City officials, he added, are also looking at options to address a major gap and a missed opportunity in the region’s recreation facilities. Baltimore lacks facilities that have enough outdoor fields or indoor courts to support sports tournaments.
“Sports tourism is a billion-dollar industry. Why can’t Baltimore be set up as a hub on the I-95 corridor so we can get sports teams coming to play their tournaments in our city,” Boarman said.
Elsewhere in Baltimore, Parity is driving a different kind of transformation. Committed to “development without displacement,” the nonprofit, equitable development company is rehabilitating abandoned houses and selling those new homes at “very, very affordable rates” to low- and moderate-income earners.
“We work in West Baltimore in one of the most distressed neighborhoods with one of the highest rates of home vacancy,” said Bree Jones, Founder. “Most developers, most institutional capital look at those neighborhoods as undesirable or impossible to revitalize. Parity looks at these neighborhoods as rich in culture, rich in history, rich in assets.”
Parity’s efforts have already produced a long wait list for its homes and attracted national attention.
“I think people see this as a model to revitalize some of the most distressed communities but do it in a way that creates wealth and equity in the process,” Jones said.
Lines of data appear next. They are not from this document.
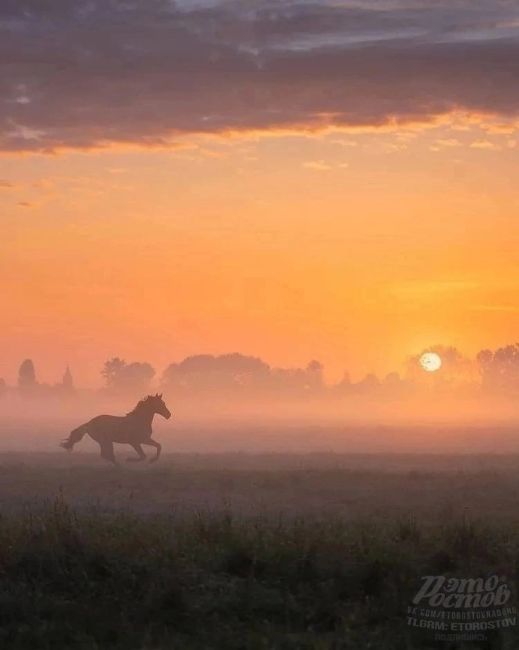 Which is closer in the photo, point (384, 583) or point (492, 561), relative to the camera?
point (384, 583)

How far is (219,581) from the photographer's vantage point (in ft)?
37.7

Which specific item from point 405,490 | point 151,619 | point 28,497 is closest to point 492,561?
point 151,619

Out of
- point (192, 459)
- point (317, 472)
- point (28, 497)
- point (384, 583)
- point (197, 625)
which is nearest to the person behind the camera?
point (197, 625)

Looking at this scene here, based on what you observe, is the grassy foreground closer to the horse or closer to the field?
the field

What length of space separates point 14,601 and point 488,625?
523cm

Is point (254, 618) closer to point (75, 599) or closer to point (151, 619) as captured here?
point (151, 619)

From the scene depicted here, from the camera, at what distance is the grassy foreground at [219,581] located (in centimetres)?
1020

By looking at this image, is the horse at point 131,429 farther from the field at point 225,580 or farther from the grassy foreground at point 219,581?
the grassy foreground at point 219,581

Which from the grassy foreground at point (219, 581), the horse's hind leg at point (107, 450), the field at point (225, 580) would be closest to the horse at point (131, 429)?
the horse's hind leg at point (107, 450)

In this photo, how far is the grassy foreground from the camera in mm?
10195

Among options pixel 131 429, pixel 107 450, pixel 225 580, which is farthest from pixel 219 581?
pixel 131 429

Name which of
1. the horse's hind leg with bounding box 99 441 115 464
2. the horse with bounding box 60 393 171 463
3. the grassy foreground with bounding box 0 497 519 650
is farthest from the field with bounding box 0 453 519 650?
the horse with bounding box 60 393 171 463

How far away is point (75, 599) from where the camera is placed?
11.1 m

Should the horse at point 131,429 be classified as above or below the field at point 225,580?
above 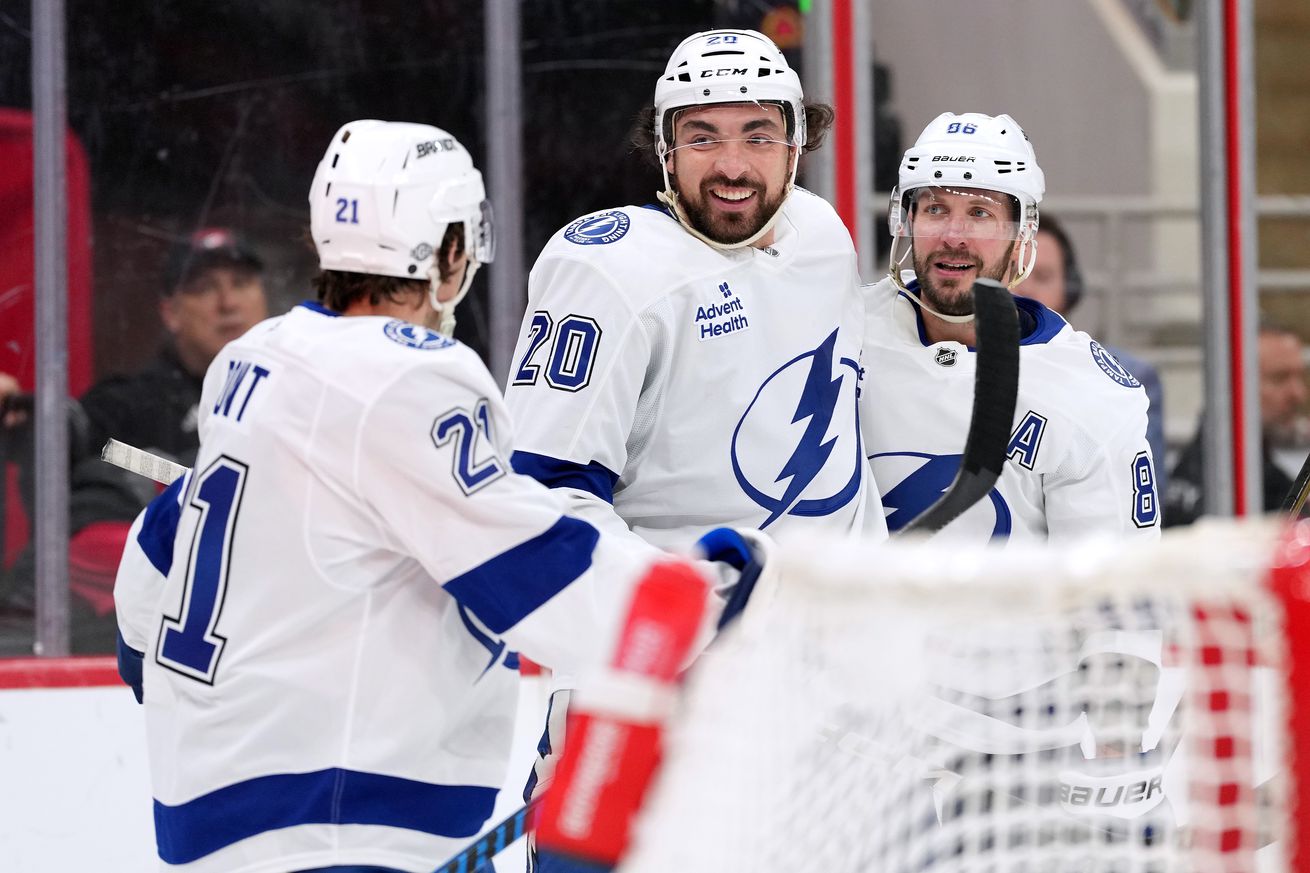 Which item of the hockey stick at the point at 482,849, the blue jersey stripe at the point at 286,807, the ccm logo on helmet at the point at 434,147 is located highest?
the ccm logo on helmet at the point at 434,147

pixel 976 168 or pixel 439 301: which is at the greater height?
pixel 976 168

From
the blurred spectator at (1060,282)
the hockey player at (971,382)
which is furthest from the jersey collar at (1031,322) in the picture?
the blurred spectator at (1060,282)

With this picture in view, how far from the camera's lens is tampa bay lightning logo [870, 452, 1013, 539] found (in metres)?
2.40

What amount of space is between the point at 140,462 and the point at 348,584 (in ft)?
1.73

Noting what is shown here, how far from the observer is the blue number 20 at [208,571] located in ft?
5.38

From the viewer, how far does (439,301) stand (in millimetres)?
1779

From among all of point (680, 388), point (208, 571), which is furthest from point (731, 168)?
point (208, 571)

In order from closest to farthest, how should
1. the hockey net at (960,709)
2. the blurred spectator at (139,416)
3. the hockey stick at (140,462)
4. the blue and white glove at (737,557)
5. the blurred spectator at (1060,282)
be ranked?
the hockey net at (960,709)
the blue and white glove at (737,557)
the hockey stick at (140,462)
the blurred spectator at (139,416)
the blurred spectator at (1060,282)

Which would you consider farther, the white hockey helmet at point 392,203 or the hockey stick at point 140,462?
the hockey stick at point 140,462

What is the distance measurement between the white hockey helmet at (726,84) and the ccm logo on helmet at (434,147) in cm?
56

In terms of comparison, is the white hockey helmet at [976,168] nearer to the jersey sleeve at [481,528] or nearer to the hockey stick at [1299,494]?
the hockey stick at [1299,494]

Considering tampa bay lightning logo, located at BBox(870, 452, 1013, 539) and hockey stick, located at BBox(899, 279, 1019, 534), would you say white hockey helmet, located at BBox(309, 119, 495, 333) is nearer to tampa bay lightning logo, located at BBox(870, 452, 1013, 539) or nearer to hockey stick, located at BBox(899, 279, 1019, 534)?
hockey stick, located at BBox(899, 279, 1019, 534)

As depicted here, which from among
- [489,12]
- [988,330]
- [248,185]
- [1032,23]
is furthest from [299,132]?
[988,330]

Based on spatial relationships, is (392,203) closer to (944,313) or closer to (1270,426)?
(944,313) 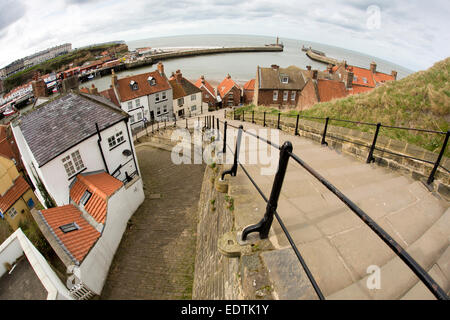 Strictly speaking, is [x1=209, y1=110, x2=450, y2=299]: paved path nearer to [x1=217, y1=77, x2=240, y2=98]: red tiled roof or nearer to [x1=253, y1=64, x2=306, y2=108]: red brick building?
[x1=253, y1=64, x2=306, y2=108]: red brick building

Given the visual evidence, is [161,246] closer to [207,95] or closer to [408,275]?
[408,275]

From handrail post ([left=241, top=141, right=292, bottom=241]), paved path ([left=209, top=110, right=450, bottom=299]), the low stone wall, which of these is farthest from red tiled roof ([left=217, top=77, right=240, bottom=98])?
handrail post ([left=241, top=141, right=292, bottom=241])

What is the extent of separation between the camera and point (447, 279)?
2.40m

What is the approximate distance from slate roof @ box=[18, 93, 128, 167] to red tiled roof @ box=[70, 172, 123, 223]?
1.75 m

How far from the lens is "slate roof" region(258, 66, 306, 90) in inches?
1179

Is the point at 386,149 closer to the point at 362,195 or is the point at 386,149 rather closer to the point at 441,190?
the point at 441,190

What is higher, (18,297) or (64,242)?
(64,242)

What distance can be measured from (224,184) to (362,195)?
259 centimetres

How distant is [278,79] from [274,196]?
31.1m

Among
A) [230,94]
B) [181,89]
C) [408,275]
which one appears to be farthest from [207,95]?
[408,275]

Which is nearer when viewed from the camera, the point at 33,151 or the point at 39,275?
the point at 39,275

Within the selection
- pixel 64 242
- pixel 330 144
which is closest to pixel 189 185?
pixel 64 242

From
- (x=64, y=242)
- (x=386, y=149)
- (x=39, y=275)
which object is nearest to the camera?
(x=386, y=149)

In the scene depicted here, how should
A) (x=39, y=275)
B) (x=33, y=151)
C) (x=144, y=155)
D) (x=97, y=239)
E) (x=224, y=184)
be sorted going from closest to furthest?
(x=224, y=184) < (x=39, y=275) < (x=97, y=239) < (x=33, y=151) < (x=144, y=155) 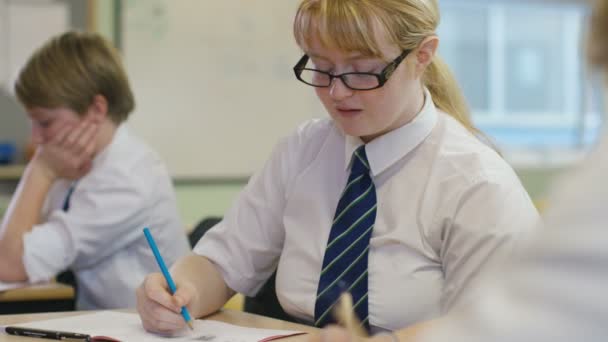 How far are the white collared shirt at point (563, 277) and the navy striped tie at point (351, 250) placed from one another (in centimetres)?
90

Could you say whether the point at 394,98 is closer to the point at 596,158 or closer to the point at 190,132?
the point at 596,158

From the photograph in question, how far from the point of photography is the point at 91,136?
243 centimetres

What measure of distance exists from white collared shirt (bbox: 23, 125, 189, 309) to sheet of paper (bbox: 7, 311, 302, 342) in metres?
0.69

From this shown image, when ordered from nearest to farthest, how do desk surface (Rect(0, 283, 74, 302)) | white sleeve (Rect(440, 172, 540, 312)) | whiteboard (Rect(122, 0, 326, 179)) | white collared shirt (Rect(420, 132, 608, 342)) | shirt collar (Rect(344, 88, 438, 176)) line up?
white collared shirt (Rect(420, 132, 608, 342)) → white sleeve (Rect(440, 172, 540, 312)) → shirt collar (Rect(344, 88, 438, 176)) → desk surface (Rect(0, 283, 74, 302)) → whiteboard (Rect(122, 0, 326, 179))

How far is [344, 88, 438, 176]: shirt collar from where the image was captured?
1.58m

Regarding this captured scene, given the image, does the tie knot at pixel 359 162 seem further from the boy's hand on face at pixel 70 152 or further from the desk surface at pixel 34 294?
the boy's hand on face at pixel 70 152

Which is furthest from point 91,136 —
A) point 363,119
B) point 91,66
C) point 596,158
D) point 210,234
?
point 596,158

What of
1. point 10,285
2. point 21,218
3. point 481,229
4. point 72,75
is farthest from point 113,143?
point 481,229

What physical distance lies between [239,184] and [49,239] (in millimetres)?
1730

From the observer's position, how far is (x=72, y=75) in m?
2.37

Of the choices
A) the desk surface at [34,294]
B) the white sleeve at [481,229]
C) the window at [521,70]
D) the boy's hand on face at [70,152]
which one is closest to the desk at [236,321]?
the white sleeve at [481,229]

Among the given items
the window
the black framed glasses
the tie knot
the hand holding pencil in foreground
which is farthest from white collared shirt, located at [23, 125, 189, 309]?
the window

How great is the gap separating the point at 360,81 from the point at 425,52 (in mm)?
139

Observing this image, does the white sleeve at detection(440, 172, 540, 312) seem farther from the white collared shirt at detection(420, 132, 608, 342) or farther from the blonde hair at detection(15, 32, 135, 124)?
the blonde hair at detection(15, 32, 135, 124) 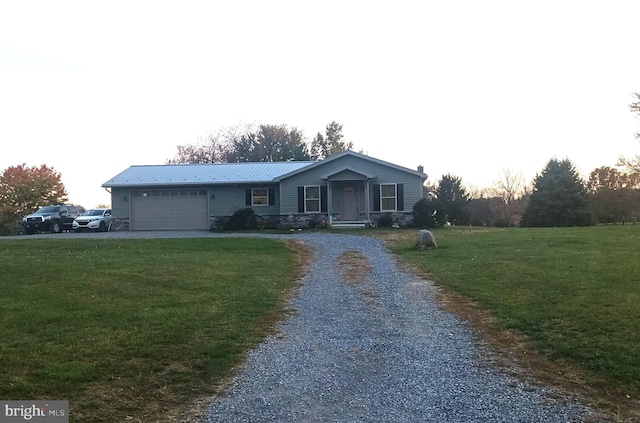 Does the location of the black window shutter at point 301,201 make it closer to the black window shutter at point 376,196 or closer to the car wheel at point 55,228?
the black window shutter at point 376,196

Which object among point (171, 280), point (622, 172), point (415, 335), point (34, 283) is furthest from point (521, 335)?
point (622, 172)

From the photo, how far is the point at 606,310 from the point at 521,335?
5.25ft

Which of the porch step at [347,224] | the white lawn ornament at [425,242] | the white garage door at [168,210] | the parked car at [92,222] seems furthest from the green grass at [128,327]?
the parked car at [92,222]

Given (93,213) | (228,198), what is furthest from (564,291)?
(93,213)

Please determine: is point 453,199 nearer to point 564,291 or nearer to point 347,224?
point 347,224

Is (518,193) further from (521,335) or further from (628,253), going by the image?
(521,335)

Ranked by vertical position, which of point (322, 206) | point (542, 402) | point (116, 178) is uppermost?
point (116, 178)

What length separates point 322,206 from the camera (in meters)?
28.3

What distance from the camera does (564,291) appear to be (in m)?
9.52

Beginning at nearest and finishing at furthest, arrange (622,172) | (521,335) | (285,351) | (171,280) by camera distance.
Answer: (285,351)
(521,335)
(171,280)
(622,172)

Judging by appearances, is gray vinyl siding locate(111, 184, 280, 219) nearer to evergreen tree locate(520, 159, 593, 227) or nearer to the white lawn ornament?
the white lawn ornament

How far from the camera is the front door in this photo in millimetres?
28562

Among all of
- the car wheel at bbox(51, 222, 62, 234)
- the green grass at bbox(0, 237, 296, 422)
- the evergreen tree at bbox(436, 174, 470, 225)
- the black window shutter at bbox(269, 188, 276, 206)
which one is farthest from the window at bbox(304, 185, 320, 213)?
the green grass at bbox(0, 237, 296, 422)

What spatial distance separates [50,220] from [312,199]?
45.1 feet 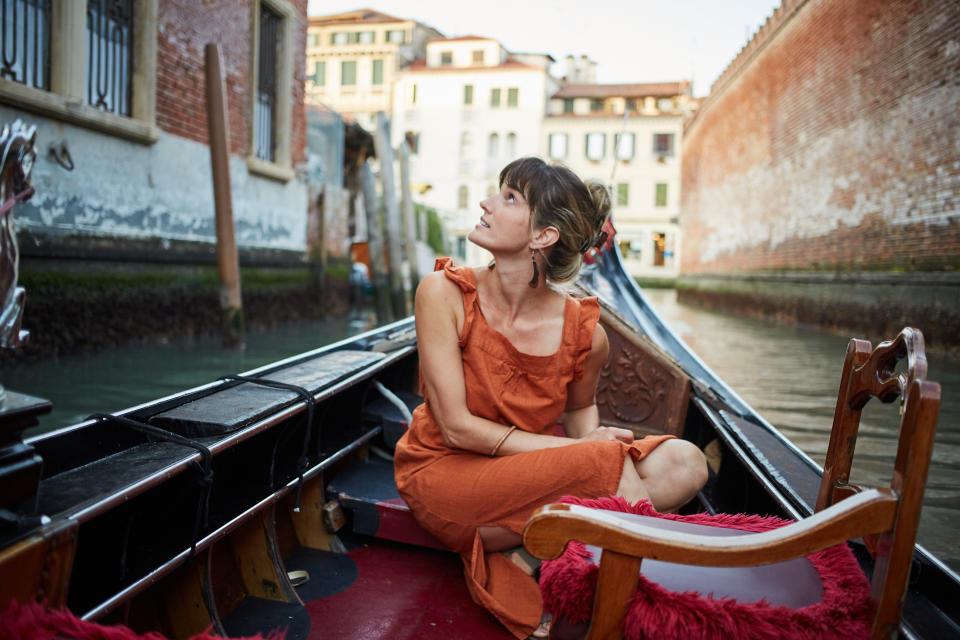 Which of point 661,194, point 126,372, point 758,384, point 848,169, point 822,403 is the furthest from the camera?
point 661,194

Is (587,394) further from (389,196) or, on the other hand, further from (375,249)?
(375,249)

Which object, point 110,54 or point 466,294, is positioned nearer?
point 466,294

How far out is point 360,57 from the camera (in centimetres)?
3122

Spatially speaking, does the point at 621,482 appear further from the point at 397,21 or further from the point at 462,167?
the point at 397,21

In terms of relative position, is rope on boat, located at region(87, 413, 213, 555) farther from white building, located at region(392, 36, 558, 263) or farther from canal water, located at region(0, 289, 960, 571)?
white building, located at region(392, 36, 558, 263)

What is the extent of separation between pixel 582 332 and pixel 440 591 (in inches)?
28.3

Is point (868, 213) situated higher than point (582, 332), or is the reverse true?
point (868, 213)

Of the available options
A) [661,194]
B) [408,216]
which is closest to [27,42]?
[408,216]

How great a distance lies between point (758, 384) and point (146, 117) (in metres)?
5.75

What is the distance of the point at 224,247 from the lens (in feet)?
18.6

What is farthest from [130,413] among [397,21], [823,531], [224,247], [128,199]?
[397,21]

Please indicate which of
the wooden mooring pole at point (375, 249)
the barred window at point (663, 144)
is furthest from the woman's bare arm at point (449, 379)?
the barred window at point (663, 144)

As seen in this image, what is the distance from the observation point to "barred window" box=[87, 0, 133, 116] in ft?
18.3

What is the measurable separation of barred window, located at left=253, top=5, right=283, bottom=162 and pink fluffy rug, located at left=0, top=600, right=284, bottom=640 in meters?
7.91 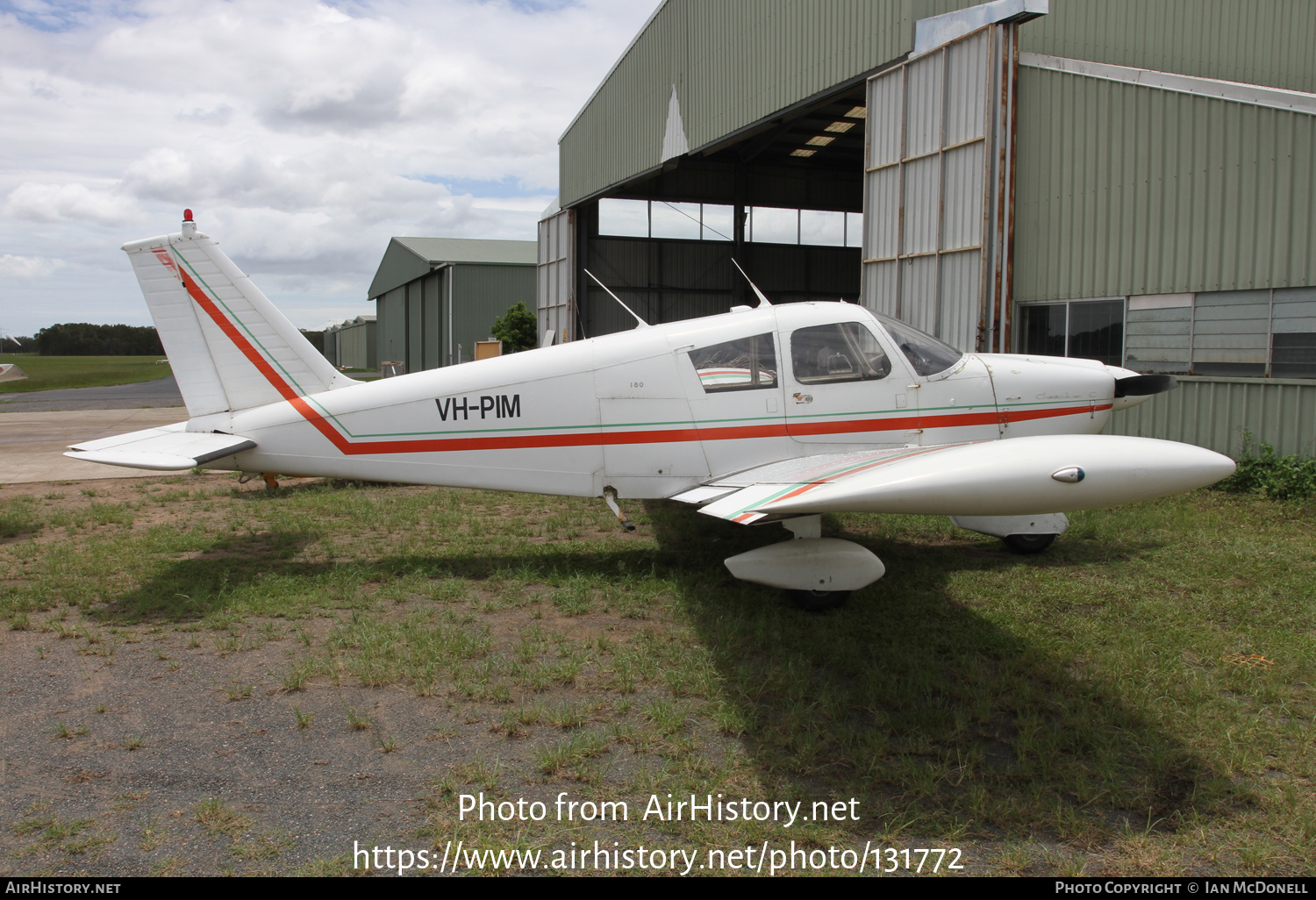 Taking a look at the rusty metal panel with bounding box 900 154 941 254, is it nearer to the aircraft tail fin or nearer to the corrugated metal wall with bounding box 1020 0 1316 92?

Near the intersection of Greenspring Avenue and Cold Spring Lane, Choo Smith Youth Empowerment is developing a “communi-versity,” said Karyn Bullock, Senior Vice President of Operations. The project will include 240 apartments (a mix of affordable and market rate), 50 to 80 garage townhomes and a new community center that includes basketball courts, a refurbished football field and track, computer classrooms, a mock courtroom, theatre, dance studio, commercial kitchen and banquet hall. The development is also on track to attract a grocery store to an area which is currently a food desert, and possibly other retailers.
Companies and institutions involved in bold, urban redevelopment projects, however, face major challenges, ranging from difficult site conditions (such as soil conditions at the former incinerator waste site selected for the Middle Branch Fitness and Wellness Center) and negative stereotypes about neighborhoods to lack of financing and other support for women- and minority-owned companies.